These results didn't seem intuitive to me, so I ran a benchmark across a number of versions of python. The results on OSX were interesting. Results are nanoseconds per send() call.

version baseline pr-35-cython % diff pr-35-fallback %diff
2.6.7 278 267 4 445 -37
2.6.8 279 263 6 419 -34
2.6.9 278 268 4 422 -34
2.7.5 277 263 5 418 -34
2.7.6 270 263 3 417 -35
2.7.7 275 263 5 418 -34
2.7.8 275 266 3 419 -34
2.7.9 271 259 5 409 -34
2.7.10 276 260 6 413 -33
2.7.11 570 415 37 693 -18
2.7.12 557 416 34 689 -19
2.7.13 565 414 37 692 -18
3.2.6 612 465 32 686 -11
3.3.6 734 574 28 740 -1
3.4.6 697 585 19 789 -12
3.5.2 768 608 26 827 -7
3.5.3 760 597 27 824 -8
3.6.0 434 391 11 528 -18
3.6.1 439 379 16 534 -18
3.6.2 426 391 9 527 -19

The 2.6 and 2.7 lines hold steady on performance with Cython not providing gains until 2.7.11, at which point this send() gets slow & Cython adds some measurable gains.

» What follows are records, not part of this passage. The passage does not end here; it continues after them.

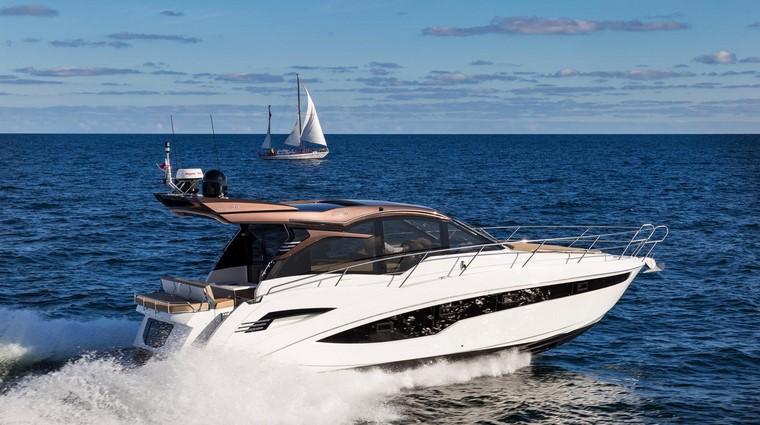 Galeon 425 HTS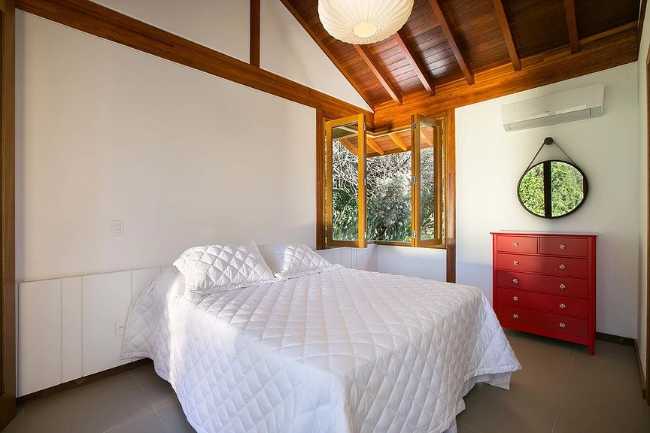 Camera da letto con travi in legno a vista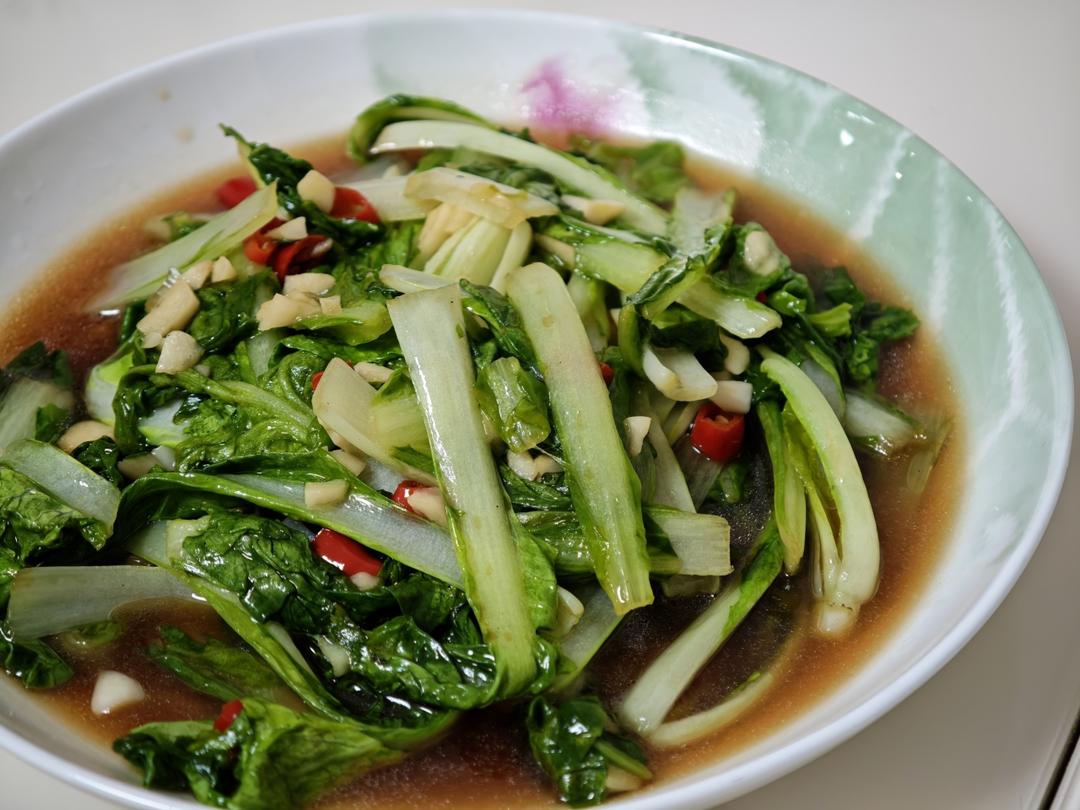 炝炒小白菜（脆爽）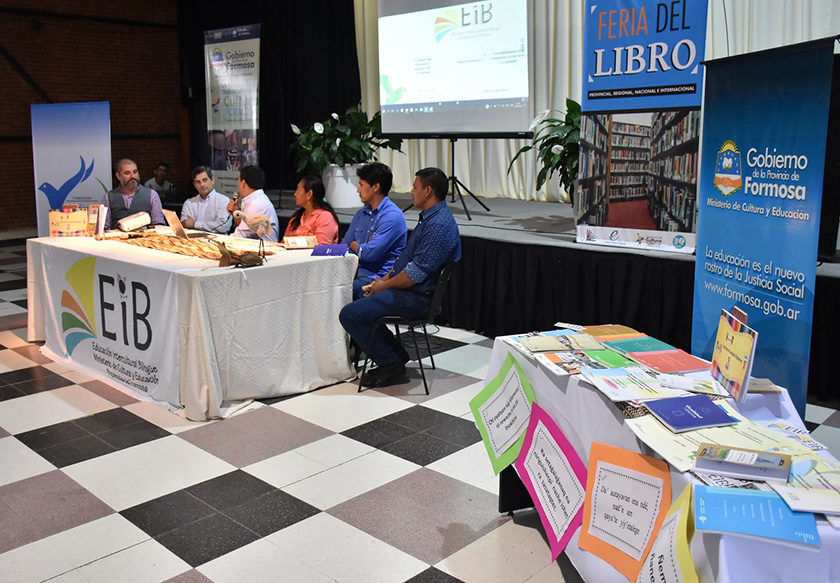 Formosa sobresale en edición de más libros en lenguas originarias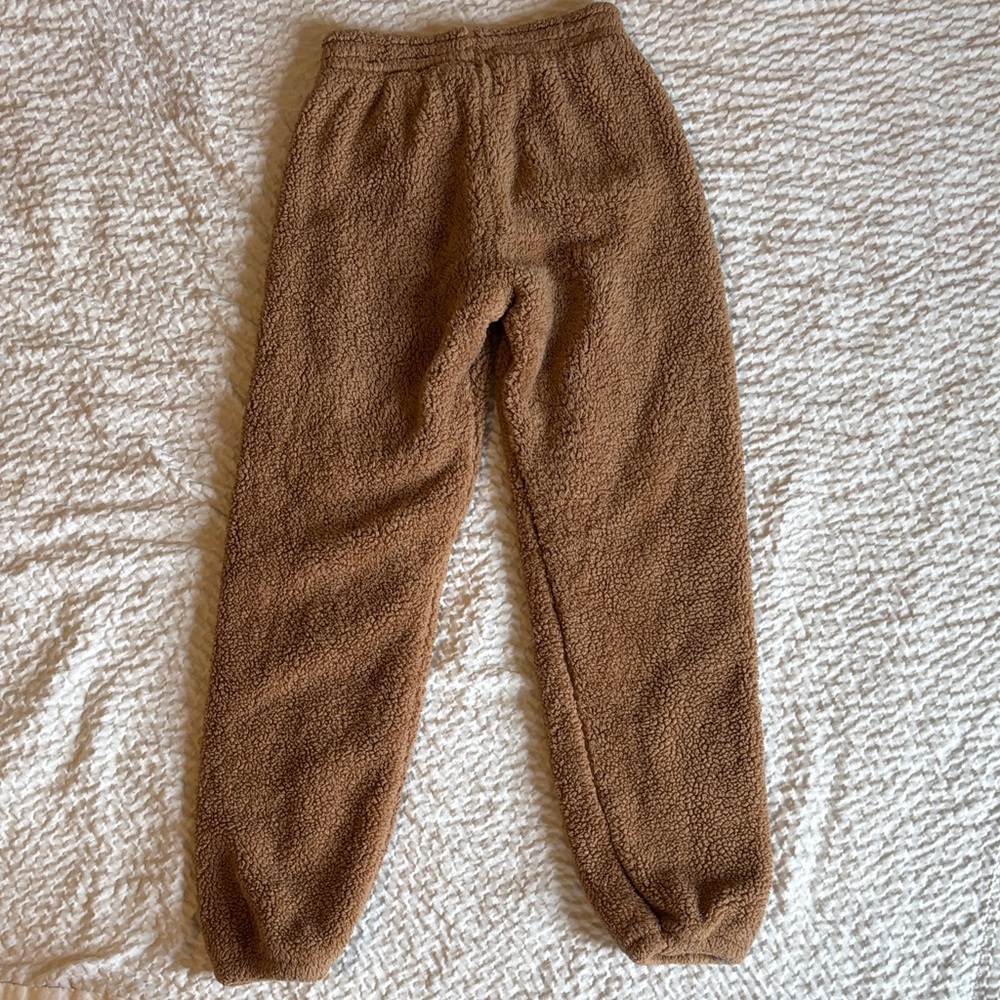aerie Brown Sherpa Women's Joggers - Picture 3 of 4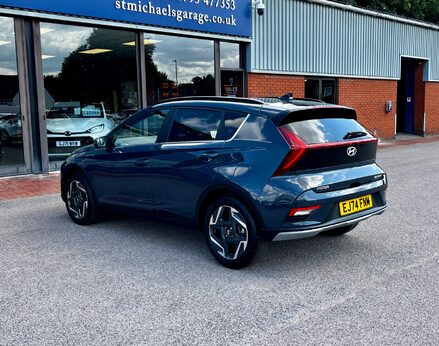 Hyundai BAYON T-GDI PREMIUM DCT 9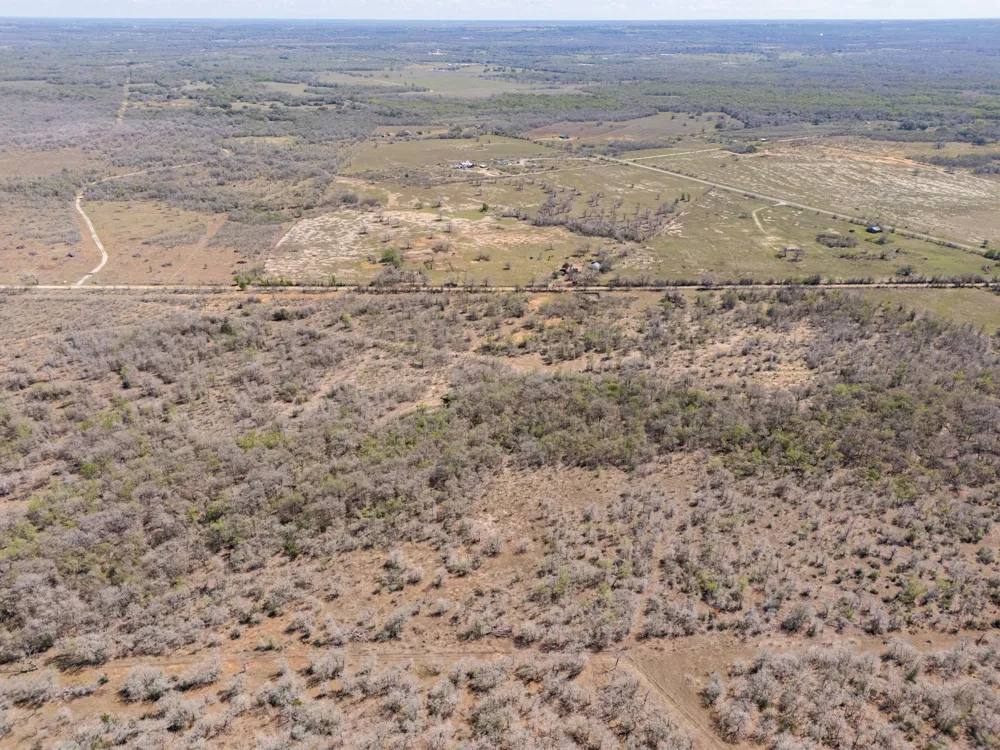 Cr 420 Waelder, TX 78959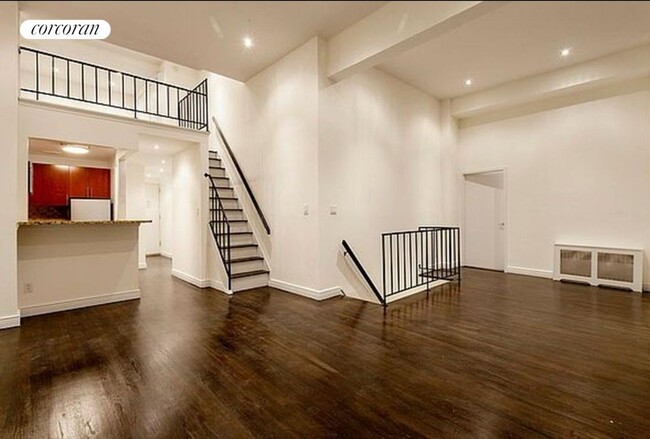 property at 10 E 13th St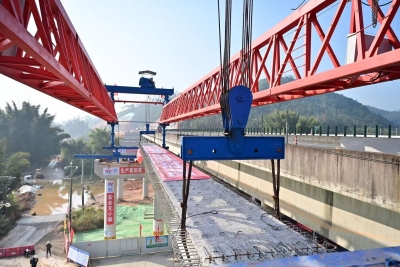 又有新进展！汕梅改扩建项目全线首片梁成功架设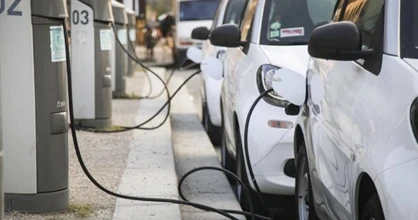 ESTACIONES DE CARGA DE VEHÍCULOS ELÉCTRICOS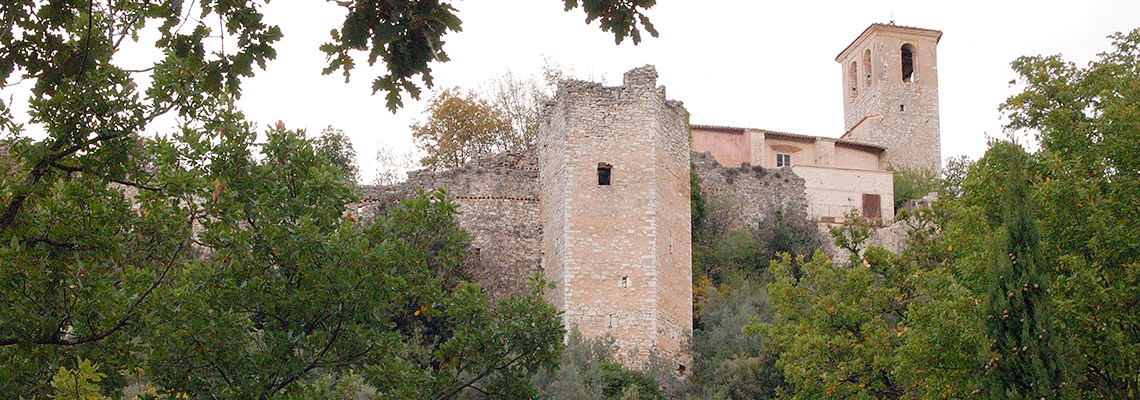 poreta chateau avec eglise lieu franciscain pelerinage spirituel chemin du sud e11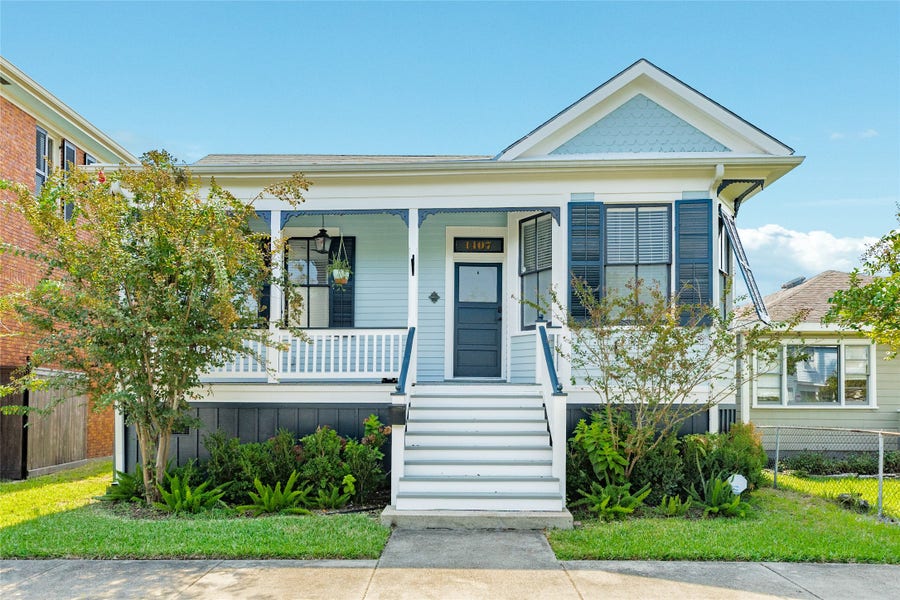 Property photo for 1407 Winnie Street, Galveston, TX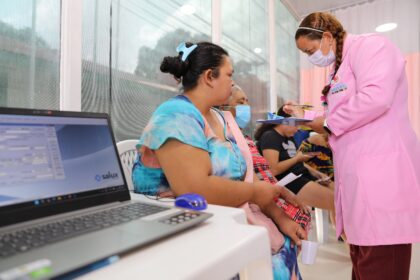 Unidades móveis de saúde da mulher ofertam atendimentos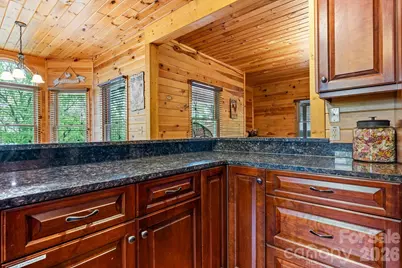 110 Mountain Crest Drive S, Marion, NC 28752 - Photo 15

Digging further and looking at the pure-python ways of doing this check, it's clear that performance on 2.7 tanked all over the place from 2.7.11 on:

version python (send_cmp) python (send_fn_len_cmp) python (send_len_cmp) python (send_not_cmp) python (send_not_len)
2.6.7 171 319 207 166 201
2.6.8 171 309 204 167 200
2.6.9 171 308 206 167 201
2.7.5 170 314 203 167 202
2.7.6 162 307 199 160 194
2.7.7 168 313 206 167 199
2.7.8 170 316 207 168 200
2.7.9 163 301 198 161 195
2.7.10 168 308 202 164 197
2.7.11 336 598 425 329 395
2.7.12 327 591 429 326 384
2.7.13 327 596 422 327 393
3.2.6 299 544 392 301 351
3.3.6 316 573 405 320 368
3.4.6 301 577 398 297 367
3.5.2 330 613 451 329 411
3.5.3 328 609 451 327 399
3.6.0 193 420 278 193 256
3.6.1 192 419 266 195 251
3.6.2 191 401 277 188 245

From these slowdowns across the board, and the generally OK numbers of 3.6 vs. < 3.6, I have to conclude that if one wants a fast Python 2.7.11+ program, it's going to require a lot of Cython across the board. This one tiny edge is a nanoseconds drop in the bucket.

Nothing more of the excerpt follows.